O prêmio, que destaca jornalistas negros que se destacam em suas áreas de atuação, ocorreu no dia 11 de novembro, em São Paulo, e veio como um marco em sua carreira de apenas quatro anos, sendo dois deles dedicados à investigação ambiental e ao trabalho com populações indígenas e ribeirinhas.

“Eu mais aprendo com o meu trabalho do que eu posso realmente oferecer, porque às vezes são situações tão específicas que eu não sinto que consigo fazer algo ali. Mas, eu tento fazer o que eu posso. Me sinto muito honrada em ter vencido [o prêmio], e isso com certeza vai me ajudar a aprimorar muito mais esse trabalho”, comemorou.

Hellen Lirtêz tem 24 anos, é acreana e jornalista ambiental independente; cerimônia de premiação ocorreu em SP — Foto: Arquivo pessoal

Hellen Lirtêz tem 24 anos, é acreana e jornalista ambiental independente; cerimônia de premiação ocorreu em SP — Foto: Arquivo pessoal

A jornalista, que atua de forma independente com reportagens publicadas no portal Amazônia Real, considera que sua conquista representa também a visibilidade para os jornalistas negros que, apesar de sua relevância, ainda são pouco reconhecidos.

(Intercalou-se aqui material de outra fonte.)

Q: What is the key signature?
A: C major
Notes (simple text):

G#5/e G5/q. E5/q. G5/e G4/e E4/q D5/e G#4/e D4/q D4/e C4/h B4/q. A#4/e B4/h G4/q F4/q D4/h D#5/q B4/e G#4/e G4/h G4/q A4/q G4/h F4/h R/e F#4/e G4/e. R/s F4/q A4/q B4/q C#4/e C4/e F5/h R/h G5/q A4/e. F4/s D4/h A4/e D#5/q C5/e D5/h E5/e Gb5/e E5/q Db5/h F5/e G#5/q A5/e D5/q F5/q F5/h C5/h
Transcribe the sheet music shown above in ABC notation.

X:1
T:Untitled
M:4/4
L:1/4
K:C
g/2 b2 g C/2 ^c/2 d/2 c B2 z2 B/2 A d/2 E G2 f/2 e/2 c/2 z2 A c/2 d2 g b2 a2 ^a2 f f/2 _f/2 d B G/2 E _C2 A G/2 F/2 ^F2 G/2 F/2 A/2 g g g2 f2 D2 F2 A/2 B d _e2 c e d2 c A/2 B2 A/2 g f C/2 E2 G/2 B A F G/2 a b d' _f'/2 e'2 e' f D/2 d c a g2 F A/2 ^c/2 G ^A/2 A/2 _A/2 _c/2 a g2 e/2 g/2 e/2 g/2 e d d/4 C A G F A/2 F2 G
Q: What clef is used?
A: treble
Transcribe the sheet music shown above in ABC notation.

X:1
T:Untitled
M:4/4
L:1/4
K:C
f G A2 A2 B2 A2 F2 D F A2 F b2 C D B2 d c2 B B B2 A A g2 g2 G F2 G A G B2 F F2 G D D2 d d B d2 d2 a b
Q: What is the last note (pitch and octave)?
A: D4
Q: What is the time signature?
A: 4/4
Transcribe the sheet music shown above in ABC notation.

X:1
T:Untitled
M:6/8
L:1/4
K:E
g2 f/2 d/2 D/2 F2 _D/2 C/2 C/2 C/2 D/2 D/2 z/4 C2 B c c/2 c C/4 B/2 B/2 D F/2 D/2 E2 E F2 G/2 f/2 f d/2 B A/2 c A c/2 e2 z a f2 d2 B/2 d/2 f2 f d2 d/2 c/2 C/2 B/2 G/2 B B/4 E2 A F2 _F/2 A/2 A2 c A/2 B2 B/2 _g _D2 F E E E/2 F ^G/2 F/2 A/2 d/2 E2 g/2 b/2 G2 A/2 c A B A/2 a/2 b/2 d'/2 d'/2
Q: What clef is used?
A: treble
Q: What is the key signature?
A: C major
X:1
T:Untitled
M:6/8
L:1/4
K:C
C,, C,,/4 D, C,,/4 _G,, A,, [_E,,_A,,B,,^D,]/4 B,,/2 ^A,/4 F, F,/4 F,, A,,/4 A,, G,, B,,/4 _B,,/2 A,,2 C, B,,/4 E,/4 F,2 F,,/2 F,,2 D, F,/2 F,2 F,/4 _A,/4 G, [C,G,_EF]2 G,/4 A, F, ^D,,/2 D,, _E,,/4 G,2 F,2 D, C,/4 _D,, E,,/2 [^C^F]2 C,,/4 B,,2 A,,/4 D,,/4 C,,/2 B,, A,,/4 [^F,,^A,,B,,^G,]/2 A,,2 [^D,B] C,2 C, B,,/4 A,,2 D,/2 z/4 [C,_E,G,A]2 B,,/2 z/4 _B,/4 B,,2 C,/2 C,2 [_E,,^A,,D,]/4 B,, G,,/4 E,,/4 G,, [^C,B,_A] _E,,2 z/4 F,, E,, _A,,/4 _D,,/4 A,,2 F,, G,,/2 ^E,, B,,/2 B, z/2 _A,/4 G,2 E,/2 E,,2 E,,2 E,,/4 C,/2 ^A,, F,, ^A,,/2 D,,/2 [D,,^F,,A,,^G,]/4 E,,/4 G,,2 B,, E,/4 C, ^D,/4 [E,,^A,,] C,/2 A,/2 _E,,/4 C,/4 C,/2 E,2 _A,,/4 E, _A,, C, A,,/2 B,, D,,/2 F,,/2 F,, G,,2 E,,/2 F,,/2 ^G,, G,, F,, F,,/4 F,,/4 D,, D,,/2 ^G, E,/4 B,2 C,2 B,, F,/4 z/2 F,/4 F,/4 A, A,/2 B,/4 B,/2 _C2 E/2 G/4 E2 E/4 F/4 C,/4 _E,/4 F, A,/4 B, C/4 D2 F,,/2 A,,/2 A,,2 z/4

“Eu sou uma pessoa negra amazônida que tem traços específicos de uma pessoa da região amazônica, que entra em confluência também com traços indígenas. Isso muitas vezes é ignorado na pauta antirracista quando falamos no contexto nacional. Só no estereótipo afro da pessoa que tem o black, da pessoa que é retinta. E isso é um dos problemas que a gente tem no Brasil hoje, de atraso mesmo para reconhecer quem são as pessoas negras que estão nesse país”, concluiu.

Quem era Tim Lopes

Tim Lopes tinha mais de 30 anos de carreira quando foi torturado e assassinado, em uma trajetória sempre marcada por uma obsessão: combater a violência, as injustiças e as desigualdades sociais por meio do jornalismo.

Ele foi assassinado quando fazia uma reportagem sobre abuso de menores e tráfico de drogas no Complexo do Alemão, na Zona Norte do Rio. Tim foi capturado, torturado e executado por traficantes. A confirmação veio após uma semana do desaparecimento.

Homenagem a Tim Lopes no Centro do Rio — Foto: Jornal Nacional/ Reprodução

Homenagem a Tim Lopes no Centro do Rio — Foto: Jornal Nacional/ Reprodução

Em suas matérias, o repórter assumiu disfarces para denunciar o que estava errado. Ele foi pedreiro para mostrar a dura vida dos canteiros de obras. Fingiu ser dependente químico para revelar irregularidades em clínicas de tratamento. Chegou até a se vestir de Papai Noel para falar do Natal de crianças que não tinham a esperança de receber a visita do Bom Velhinho.

Até hoje, o julgamento dos responsáveis pelo crime é visto como um dos maiores processos do Judiciário fluminense. O processo foi concluído com 13 volumes.